Não é possível dissociar a aprovação desta medida com o apoio que o Chega tem garantido ao governo do PSD/CDS/PPM nos Açores. Para garantir o apoio do Chega, a direita que ainda mantém a designação de “Social Democrata” e a que se classifica como “Democrata Cristã” validou politicamente o mais abjeto preconceito de classe.
Nos Açores é conhecido que o inimigo número 1 do Chega são os beneficiários do RSI que são alvo de permanentes insultos por parte dos deputados e militantes desse partido. Agora o ódio dirige-se também aos desempregados e seus filhos.
Não há dúvidas que a medida tem um caráter segregador. O PSD e o CDS, que governam os Açores, com o seu aval político tornou aceitável, não só a culpabilização de desempregados pela sua condição, como vai mais longe: torna aceitável castigar as crianças pela condição social dos seus pais.
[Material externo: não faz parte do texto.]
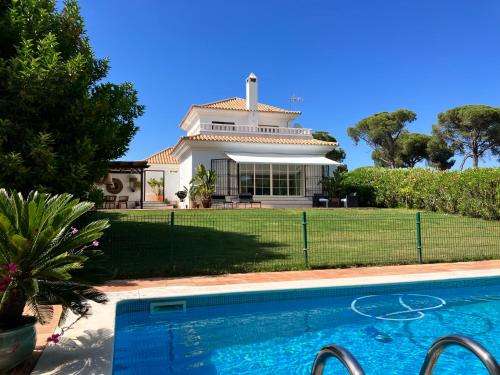 www.villadelaluz-huelva.com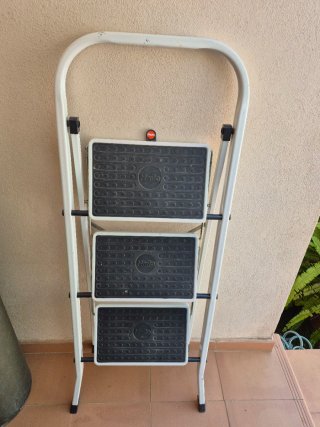 Escalera Hailo 3 peldaños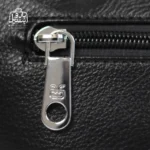 تصویر اختصاصی از زیپ کیف زنانه دوشی حاصل کد ۱-۱۵۳۵ در رنگ مشکی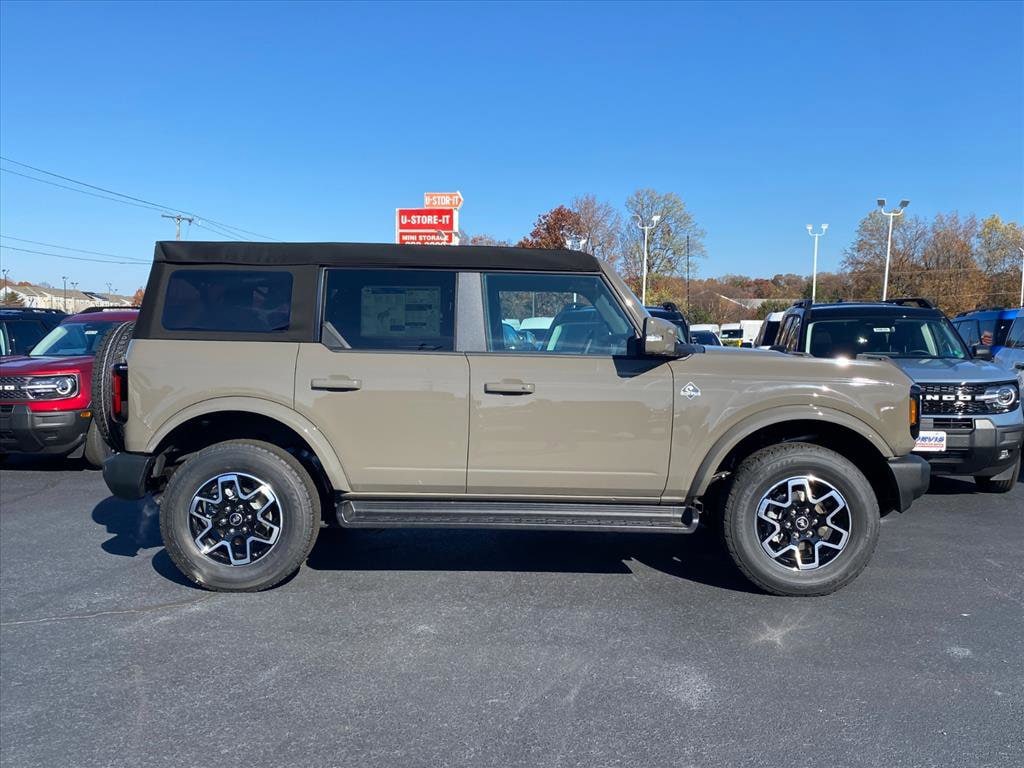 New 2025 Ford Bronco Outer Banks SUV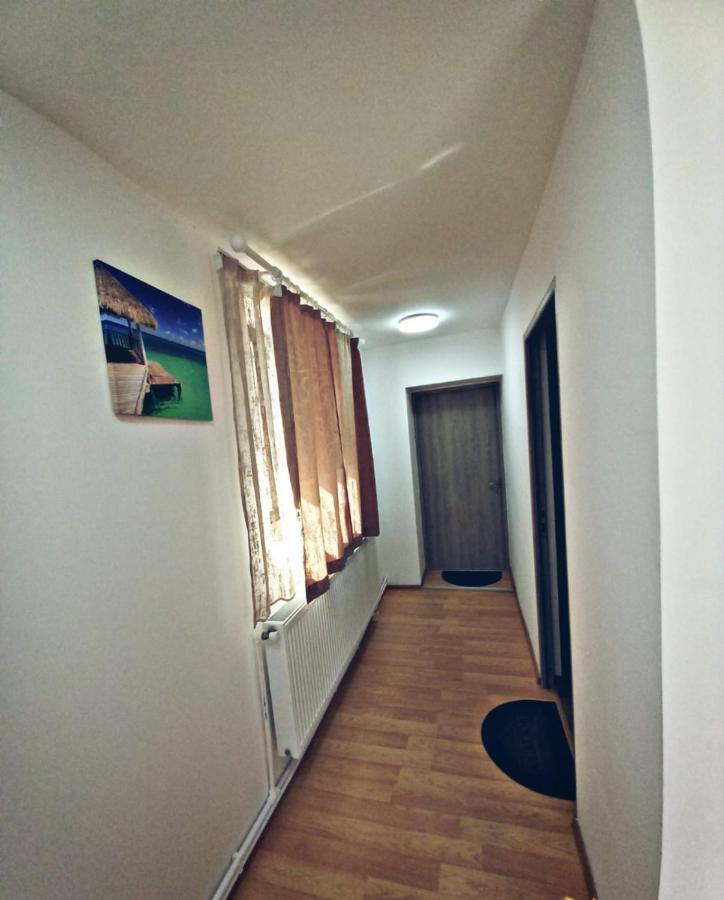 Camere In Regim Hotelier Braşov Exterior foto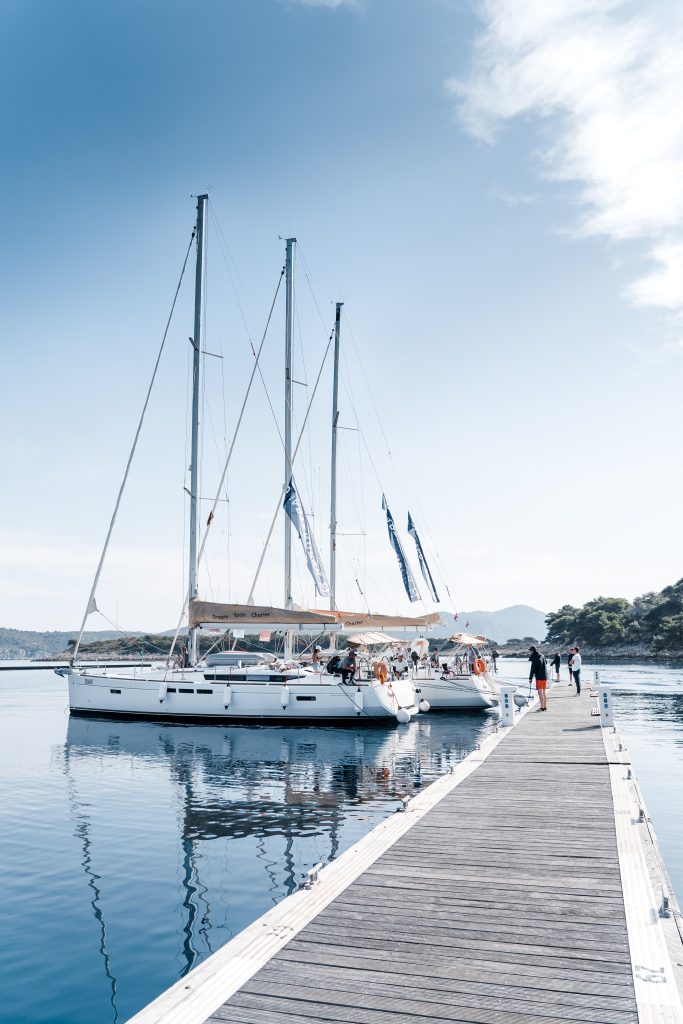 charter yachts charter skipper jobs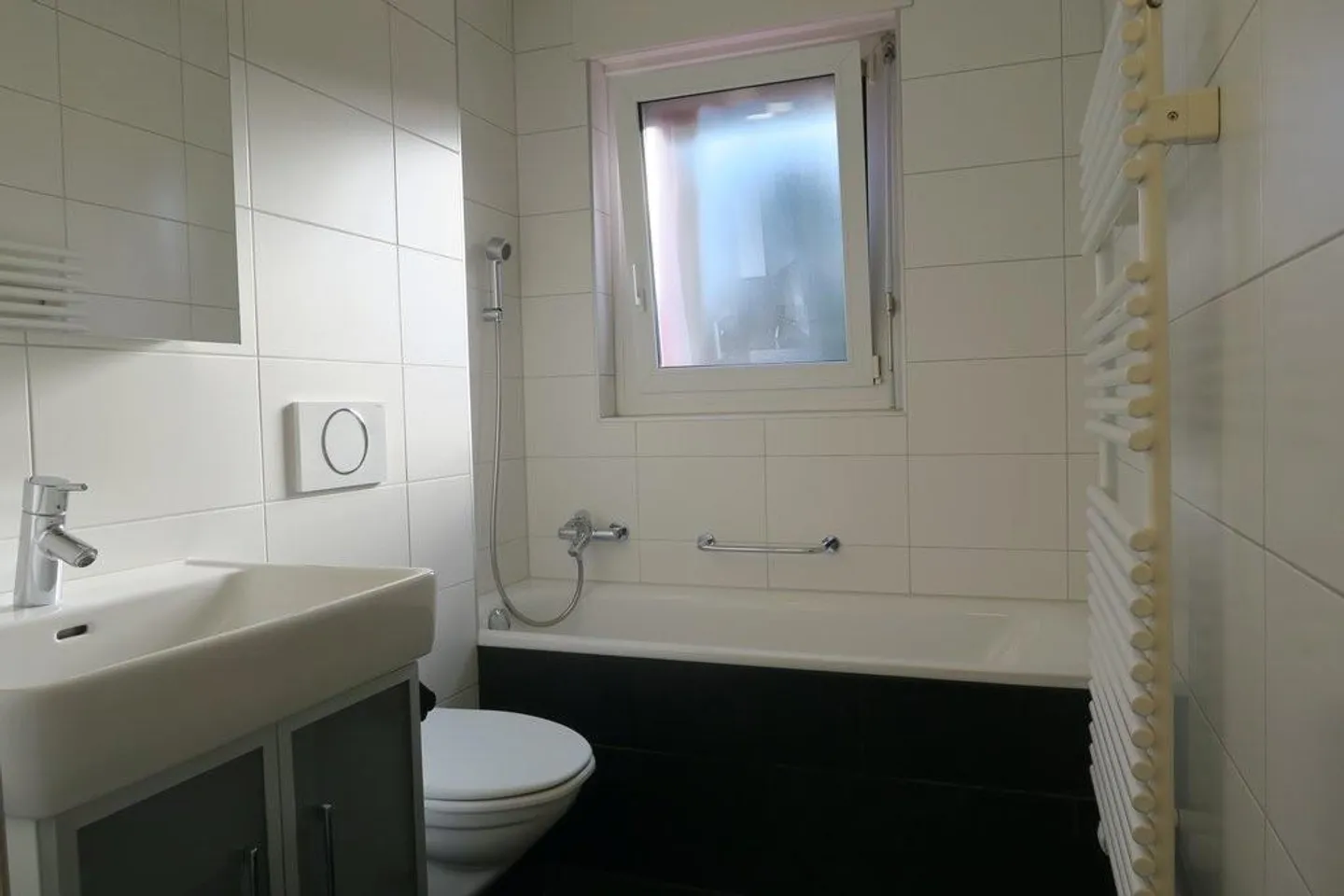 Appartement moderne de 4 pièces ! - Photo 3 sur 7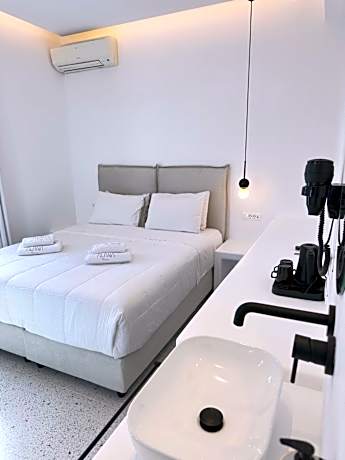 Cozy Balcony room with view to Chora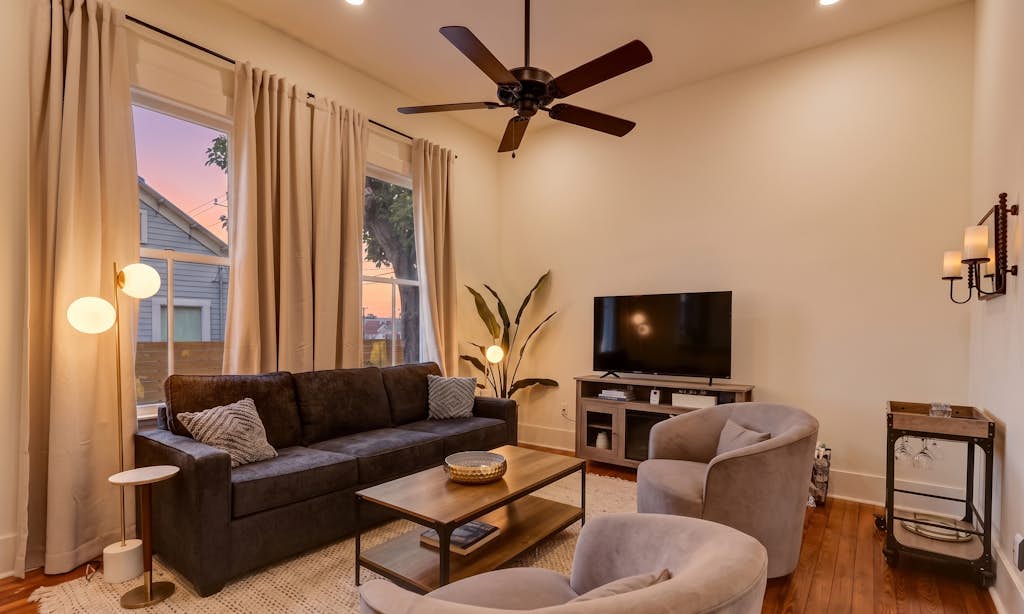 Downtown home with enclosed backyard, deck, streaming, washer/dryer, central AC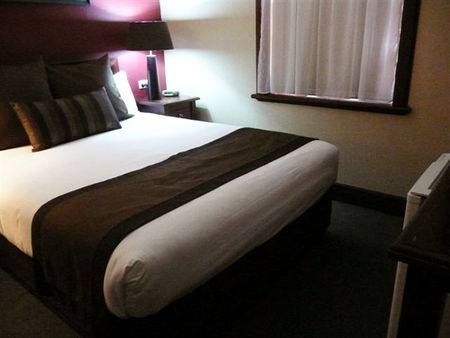Margaret River Hotel & Holiday Suites - Broome Tourism 2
Na região mais pobre do país, que empobreceu ainda mais nos últimos anos, uma medida com estas características cava mais fundo o fosso das desigualdades e compromete o futuro das crianças. Viola os mais básicos princípios de humanismo, os direitos das crianças e a constituição.
Depois das “pessoas de bem”, o Chega quer decidir quais são as “crianças de bem”. E o PSD aplaude. E depois da creche, o que se segue?
A falta de vagas em creches, resulta do aumento da procura - devido a vários fatores conjugados - e da ausência de investimento na construção e ampliação de creches nos Açores. A necessidade de investimento na construção de novas creches de modo a criar-se uma verdadeira rede universal e gratuita de creches nos Açores é mais do que óbvia.
O líder parlamentar do PSD na Assembleia Legislativa dos Açores, em artigo publicado no jornal Observador afirma, em sua defesa, que o Governo Regional dos Açores de direita aumentou de 700 para 4000 o número de vagas em creche nos Açores desde o início da legislatura. Se dúvidas houvesse de que os números não são verdadeiros, o próprio contradiz-se quando dias mais tarde publica outro artigo no jornal Açoriano Oriental, em que fica claro que esse número diz respeito a vagas gratuitas, o que é muito diferente.
Mas ainda assim subsistem dúvidas quanto aos números reais, a Secretária Regional da Saúde e Segurança Social, Mónica Seidi, afirmou recentemente que o número de vagas em creche nos Açores passou de “3.019 lugares em 2019 para 3.660 em 2023”.
Sabemos, através de dados oficiais do governo regional dos Açores, que em novembro de 2022 havia 2897 crianças nas creches com protocolo com a segurança social nos Açores e 847 crianças em lista de espera. E sabemos, através do relatório da execução do plano de investimentos da região, que dos 9 projetos de investimento em creches, apenas um foi concretizado.
Ao invés da resposta necessária e urgente: o investimento no aumento de vagas, o PSD-Açores e a restante direita que governa os Açores, opta pela solução da extrema-direita com a agravante de procurar, com desinformação, querer fazer crer à opinião pública que fez o trabalho de casa.
A única resposta possível à falta de vagas nos Açores é a criação de uma rede de creches que garanta o acesso a todas as crianças.
Já é mais do que tempo de tornar universal o acesso à creche, mantendo o seu caráter facultativo, investindo o necessário para o concretizar a breve prazo. Esta é a solução inclusiva em oposição à segregação que a extrema-direita propõe com o aval do PSD-Açores e do governo regional. Porque todas as crianças dos Açores são de bem.